#### Recorded information
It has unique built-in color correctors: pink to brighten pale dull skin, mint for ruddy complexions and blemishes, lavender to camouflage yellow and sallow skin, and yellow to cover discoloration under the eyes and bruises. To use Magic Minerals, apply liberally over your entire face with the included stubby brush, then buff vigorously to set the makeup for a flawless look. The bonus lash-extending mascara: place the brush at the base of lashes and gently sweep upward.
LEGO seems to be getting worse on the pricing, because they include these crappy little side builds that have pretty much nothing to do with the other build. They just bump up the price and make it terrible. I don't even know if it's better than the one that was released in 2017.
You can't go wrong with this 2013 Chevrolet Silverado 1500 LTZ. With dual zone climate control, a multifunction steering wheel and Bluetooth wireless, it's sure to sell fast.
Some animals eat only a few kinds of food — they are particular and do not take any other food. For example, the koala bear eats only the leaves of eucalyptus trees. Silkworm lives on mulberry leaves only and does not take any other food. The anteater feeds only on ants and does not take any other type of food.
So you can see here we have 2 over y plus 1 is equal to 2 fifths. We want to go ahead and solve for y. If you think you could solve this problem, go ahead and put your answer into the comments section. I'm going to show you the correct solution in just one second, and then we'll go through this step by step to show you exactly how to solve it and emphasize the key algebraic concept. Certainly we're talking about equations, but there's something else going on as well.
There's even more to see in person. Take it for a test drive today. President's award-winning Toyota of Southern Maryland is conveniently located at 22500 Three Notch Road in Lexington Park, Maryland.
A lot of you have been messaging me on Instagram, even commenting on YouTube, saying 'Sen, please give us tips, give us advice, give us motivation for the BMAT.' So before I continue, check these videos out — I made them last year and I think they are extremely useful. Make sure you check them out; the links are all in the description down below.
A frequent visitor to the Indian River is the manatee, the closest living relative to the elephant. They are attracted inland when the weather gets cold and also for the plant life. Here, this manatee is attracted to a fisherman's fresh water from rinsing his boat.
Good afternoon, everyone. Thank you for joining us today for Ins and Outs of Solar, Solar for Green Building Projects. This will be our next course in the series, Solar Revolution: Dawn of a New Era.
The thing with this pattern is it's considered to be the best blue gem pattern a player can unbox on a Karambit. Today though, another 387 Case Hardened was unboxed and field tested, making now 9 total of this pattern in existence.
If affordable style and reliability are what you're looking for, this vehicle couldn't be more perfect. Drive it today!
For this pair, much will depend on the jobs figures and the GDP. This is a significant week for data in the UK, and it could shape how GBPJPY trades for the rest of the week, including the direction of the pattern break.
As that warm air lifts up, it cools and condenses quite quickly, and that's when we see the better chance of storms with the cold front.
########
— Goal of the exercise —
Some lines of the records may contain the string "over". State how many do, as a number alone.

— Task response —
2